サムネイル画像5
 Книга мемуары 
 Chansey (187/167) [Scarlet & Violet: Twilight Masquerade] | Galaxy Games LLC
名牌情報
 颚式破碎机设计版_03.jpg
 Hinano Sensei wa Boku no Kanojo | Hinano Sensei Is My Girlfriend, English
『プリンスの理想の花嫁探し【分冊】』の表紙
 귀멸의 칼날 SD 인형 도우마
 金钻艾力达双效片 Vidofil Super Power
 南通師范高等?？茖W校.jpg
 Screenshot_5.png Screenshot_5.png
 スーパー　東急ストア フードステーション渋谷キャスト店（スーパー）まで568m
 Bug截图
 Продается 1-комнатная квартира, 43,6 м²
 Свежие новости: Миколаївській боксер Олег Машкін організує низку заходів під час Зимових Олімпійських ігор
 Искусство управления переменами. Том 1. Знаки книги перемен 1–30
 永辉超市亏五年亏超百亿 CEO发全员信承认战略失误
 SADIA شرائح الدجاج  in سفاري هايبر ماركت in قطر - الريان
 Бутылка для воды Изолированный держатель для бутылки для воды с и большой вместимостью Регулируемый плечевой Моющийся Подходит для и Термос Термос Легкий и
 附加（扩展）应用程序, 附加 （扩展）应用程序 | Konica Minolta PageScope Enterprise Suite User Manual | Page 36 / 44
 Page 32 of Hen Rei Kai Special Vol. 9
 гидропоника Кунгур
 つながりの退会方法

^^^^^^^^

• **Task details**
Scan the entries above. Copy each line that has the string "Page".

• **Answer space**
 附加（扩展）应用程序, 附加 （扩展）应用程序 | Konica Minolta PageScope Enterprise Suite User Manual | Page 36 / 44
 Page 32 of Hen Rei Kai Special Vol. 9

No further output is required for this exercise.